§ **WHAT THE TASK REQUIRES**: Set down the data below from its first line to the line holding "Kia Ceed / cee'd 1.0 T-GDI Drive 100", inclusive; omit all pictures.

§ **DATASET RECORDS**:
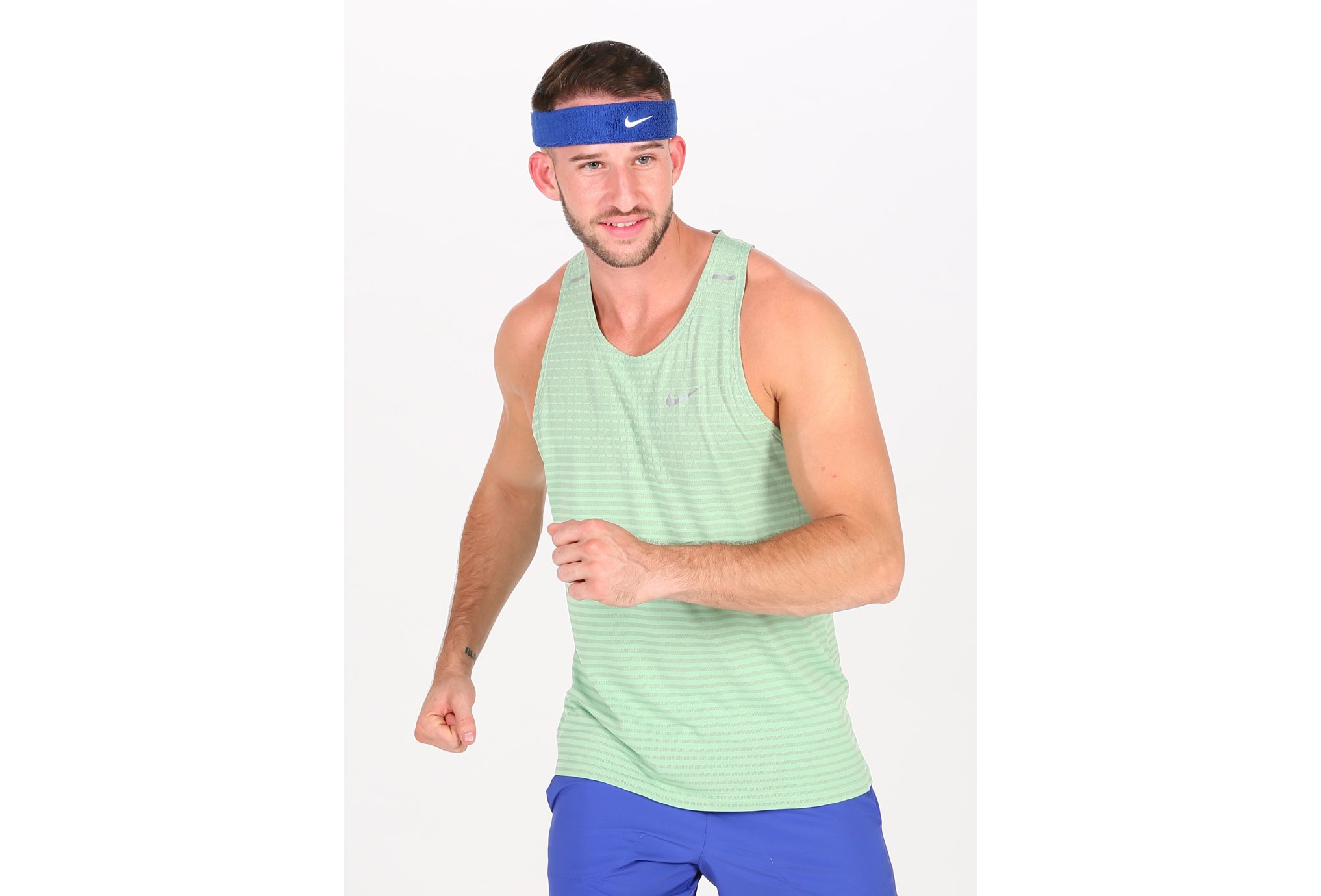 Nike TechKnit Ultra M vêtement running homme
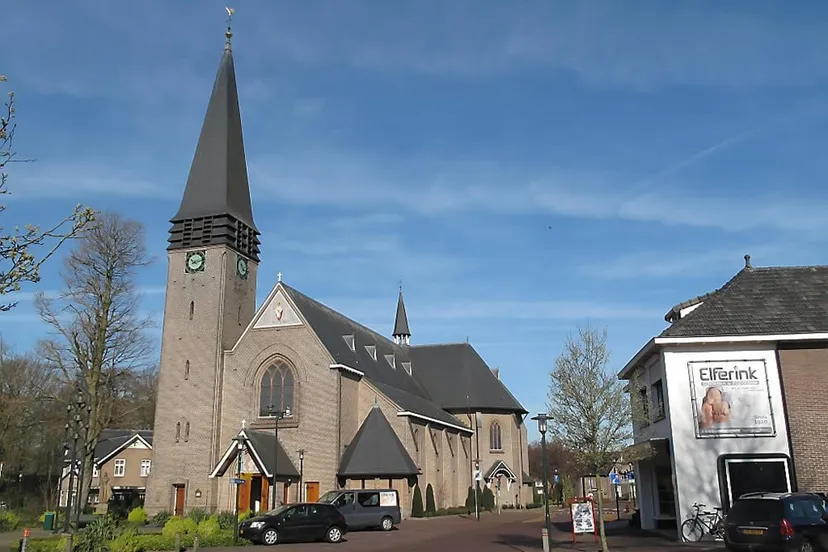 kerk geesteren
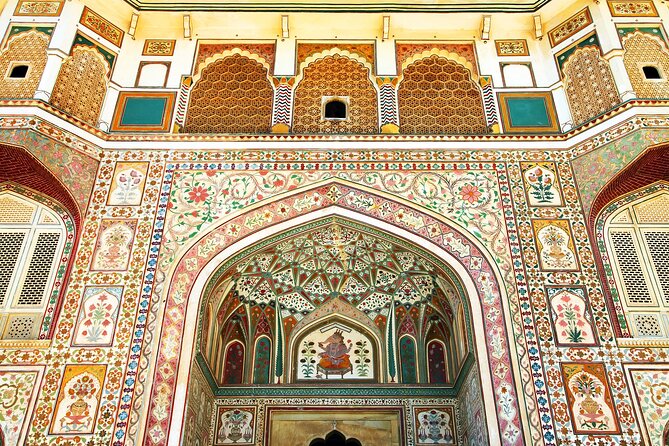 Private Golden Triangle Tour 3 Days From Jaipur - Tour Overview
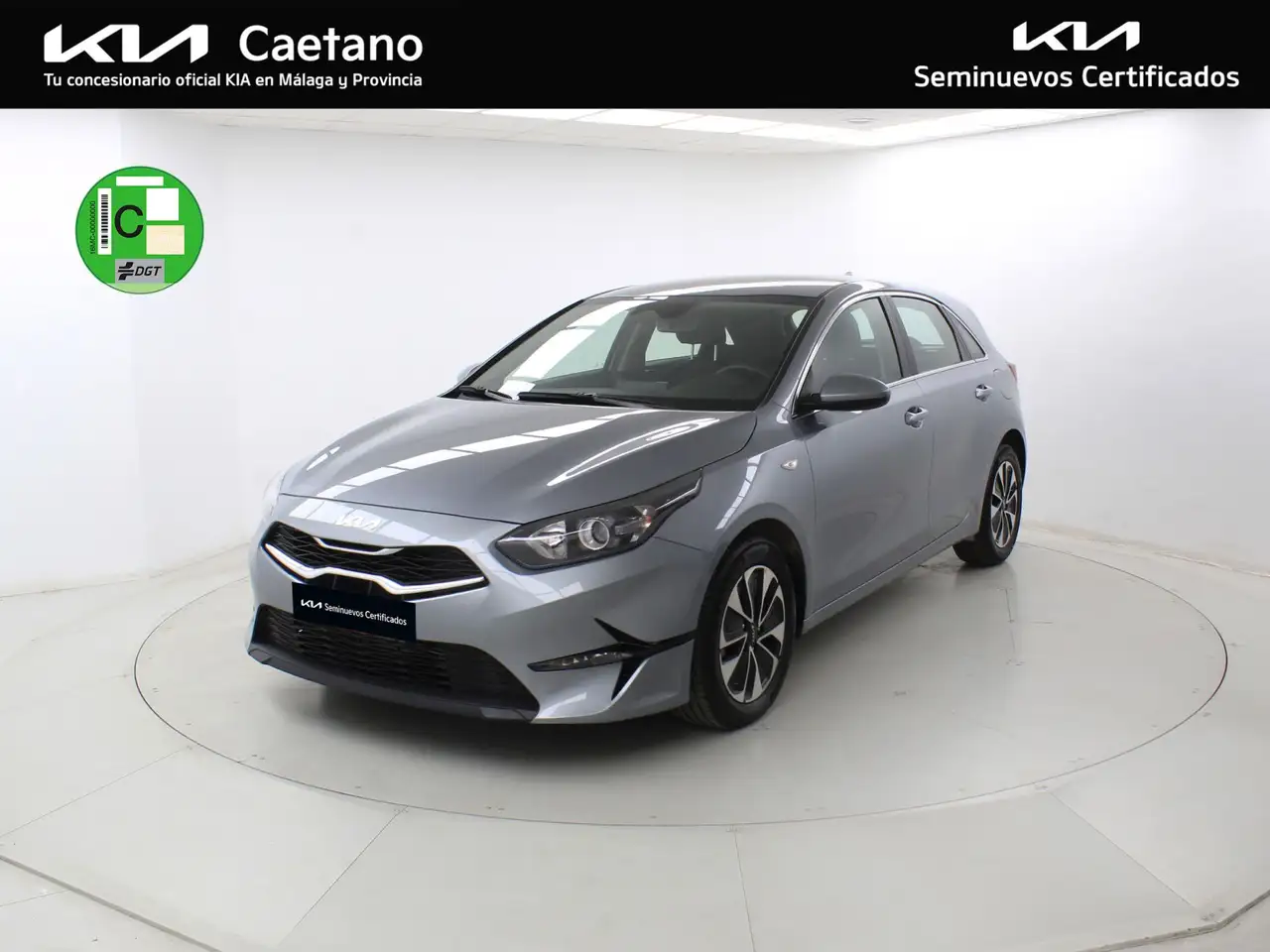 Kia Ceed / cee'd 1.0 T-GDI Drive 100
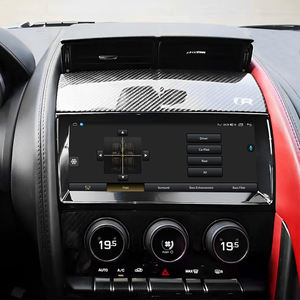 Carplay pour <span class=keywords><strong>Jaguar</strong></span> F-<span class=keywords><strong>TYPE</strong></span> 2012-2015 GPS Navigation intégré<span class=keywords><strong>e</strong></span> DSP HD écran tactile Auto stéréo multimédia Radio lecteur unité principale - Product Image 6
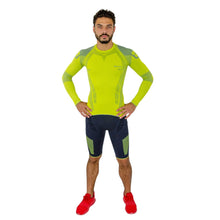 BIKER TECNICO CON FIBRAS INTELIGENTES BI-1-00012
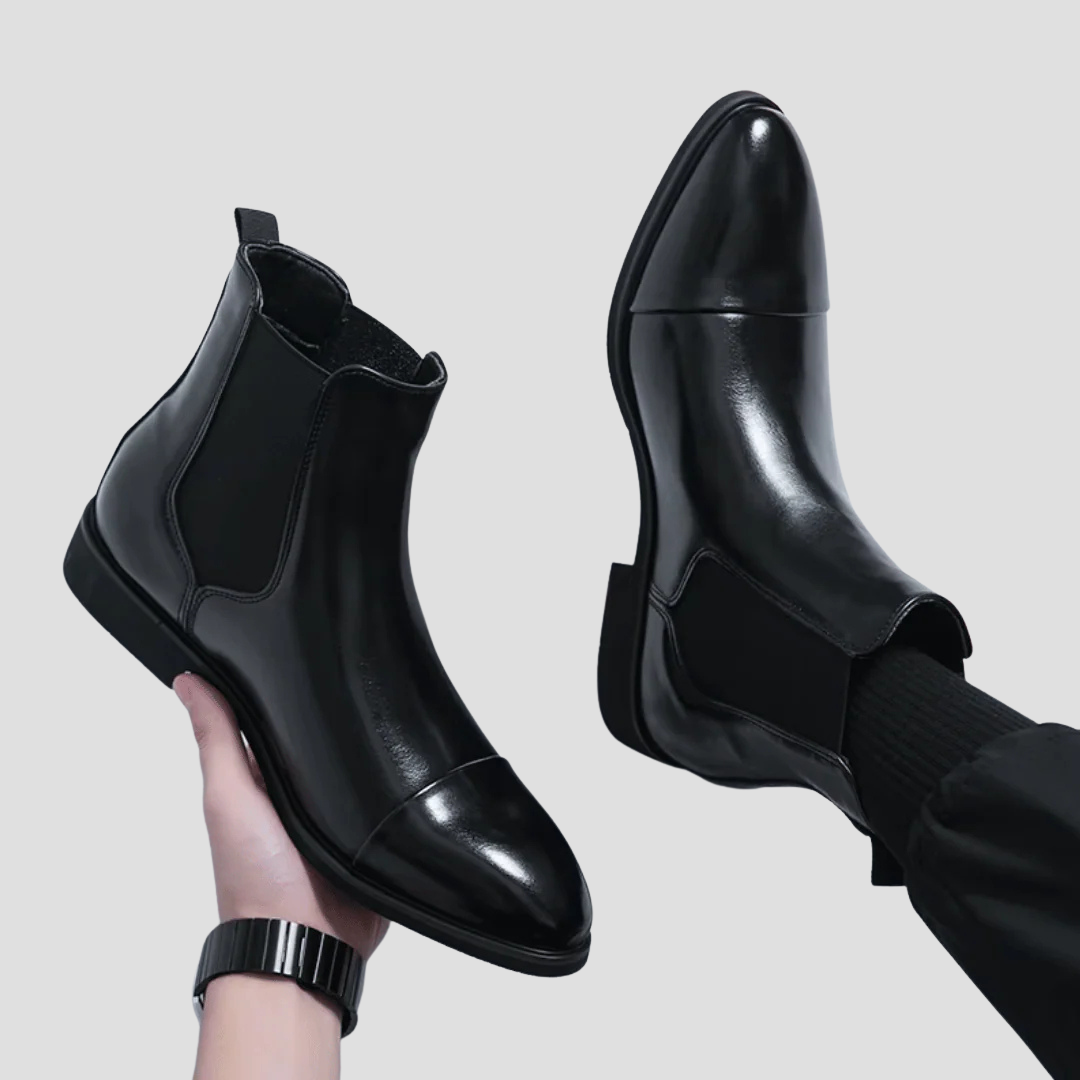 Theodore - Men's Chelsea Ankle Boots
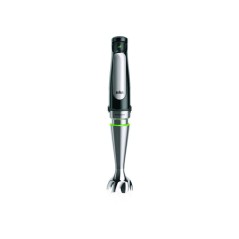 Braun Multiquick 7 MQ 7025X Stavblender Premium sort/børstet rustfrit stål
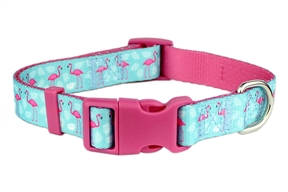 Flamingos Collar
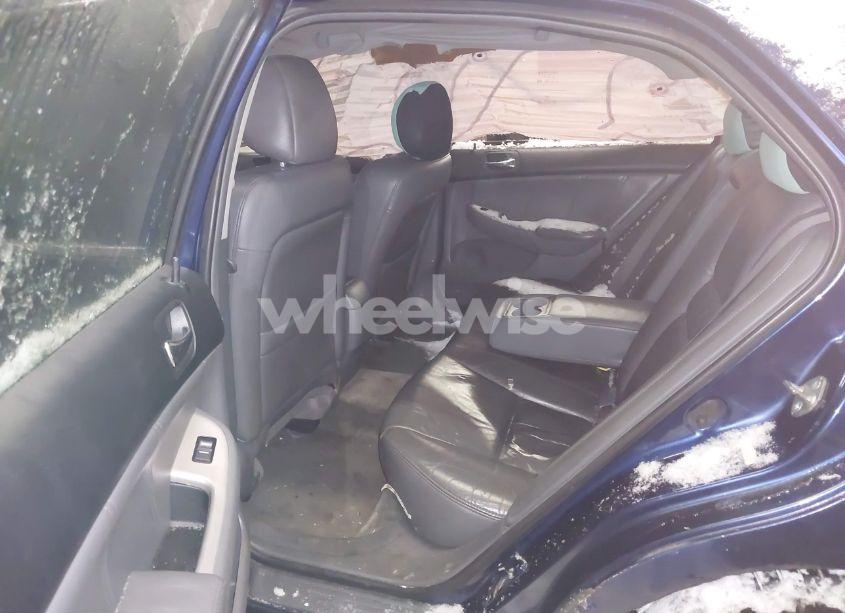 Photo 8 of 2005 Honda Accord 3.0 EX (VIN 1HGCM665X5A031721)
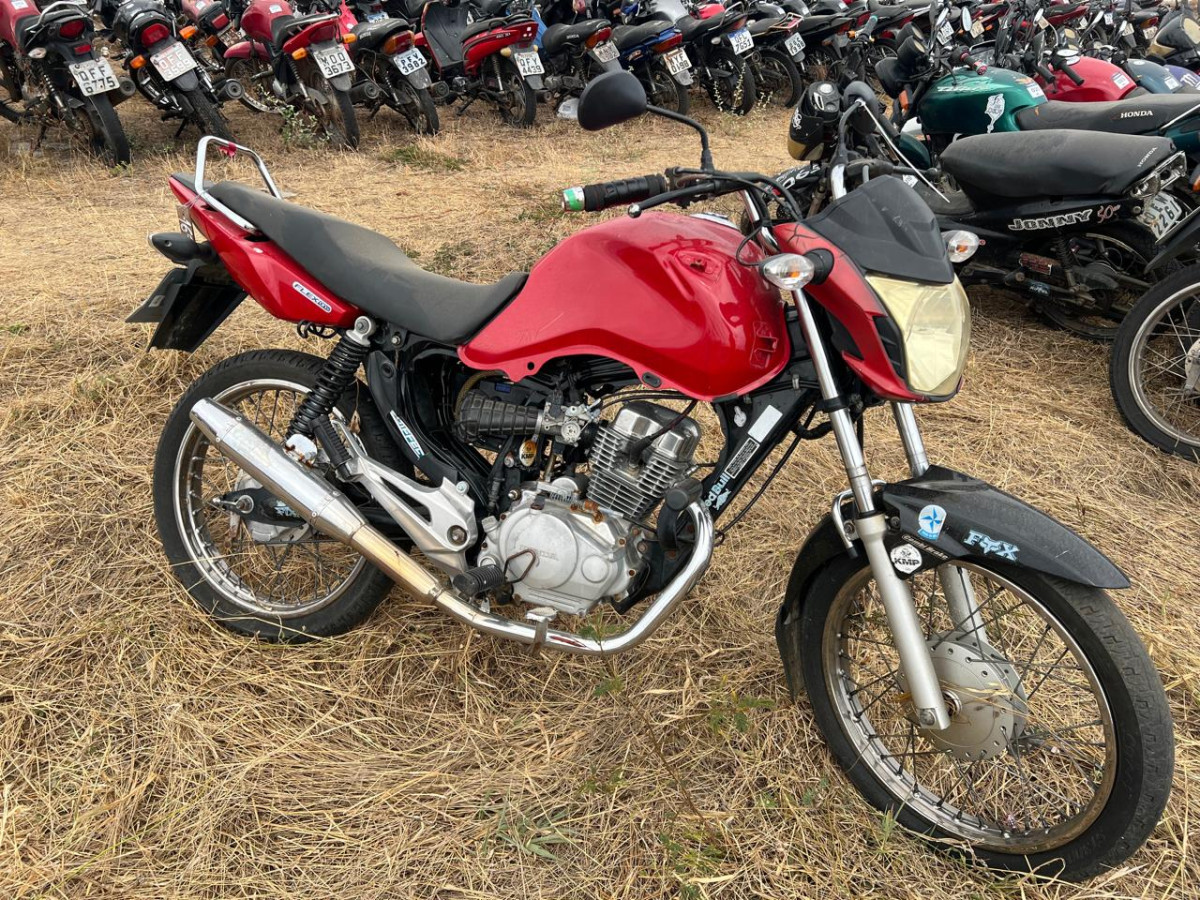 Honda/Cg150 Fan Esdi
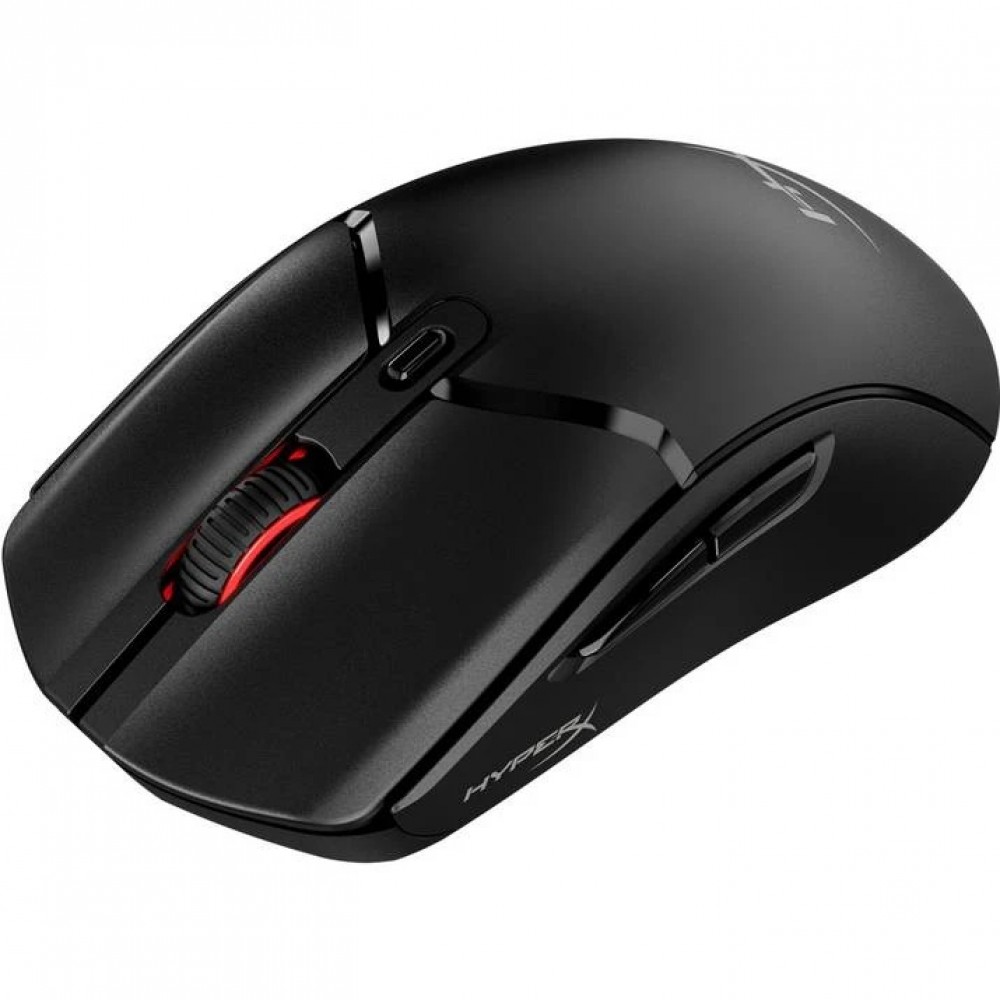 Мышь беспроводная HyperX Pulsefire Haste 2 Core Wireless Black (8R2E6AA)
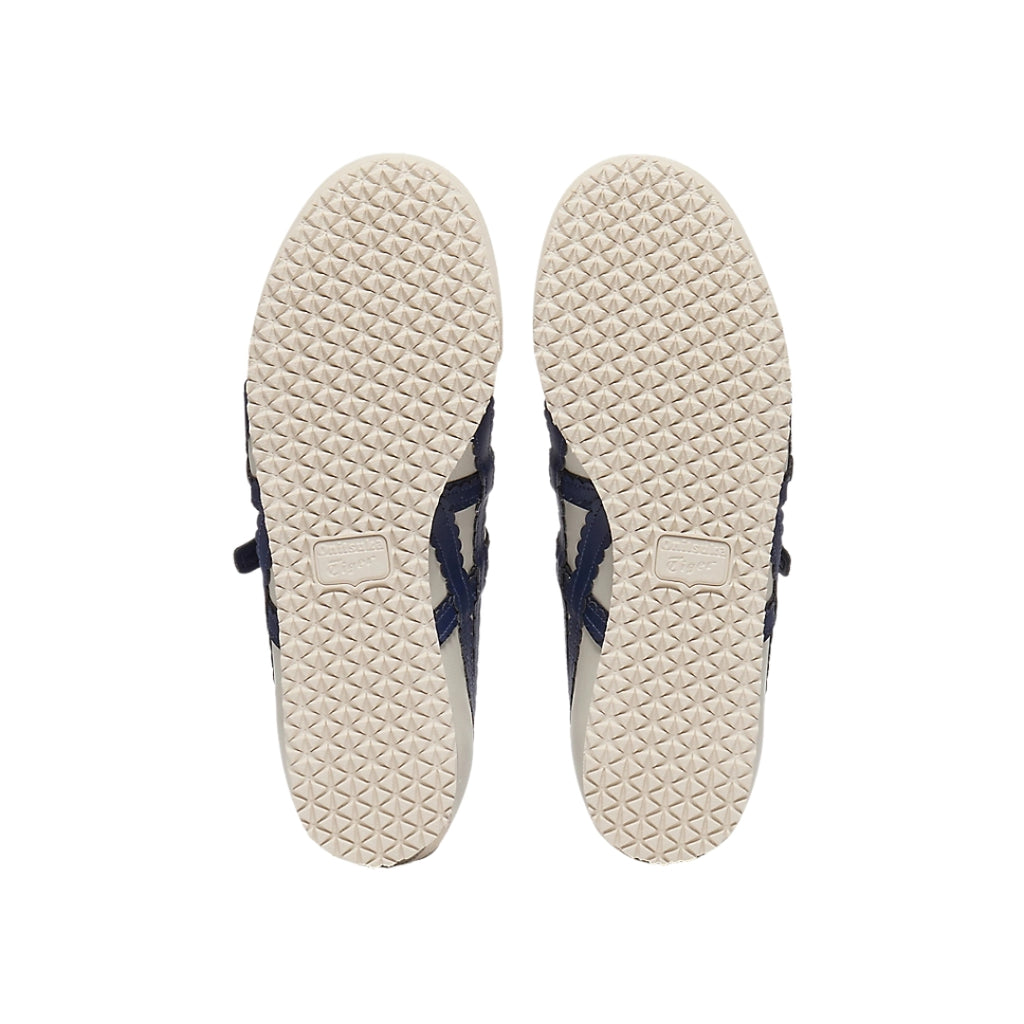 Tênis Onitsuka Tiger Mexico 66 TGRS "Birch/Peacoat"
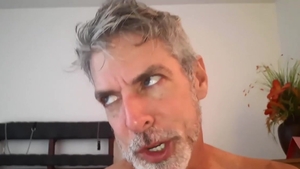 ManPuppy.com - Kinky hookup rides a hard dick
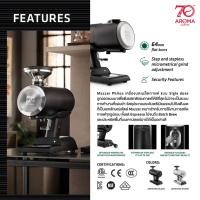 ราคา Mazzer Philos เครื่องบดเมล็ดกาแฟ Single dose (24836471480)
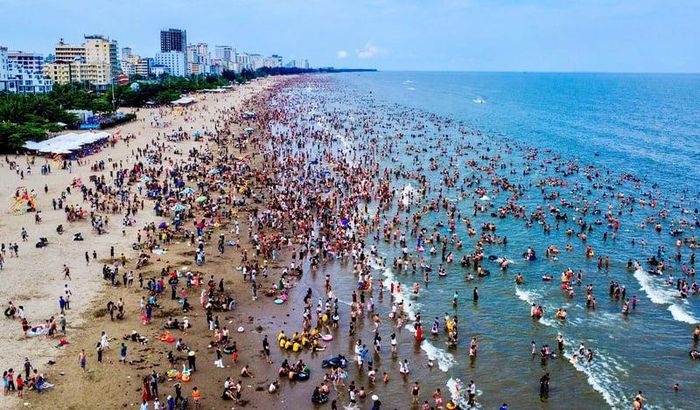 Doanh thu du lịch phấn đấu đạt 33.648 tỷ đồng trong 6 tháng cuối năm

§ **FINISHED EXERCISE**:
 Nike TechKnit Ultra M vêtement running homme
 kerk geesteren
 Private Golden Triangle Tour 3 Days From Jaipur - Tour Overview
 Kia Ceed / cee'd 1.0 T-GDI Drive 100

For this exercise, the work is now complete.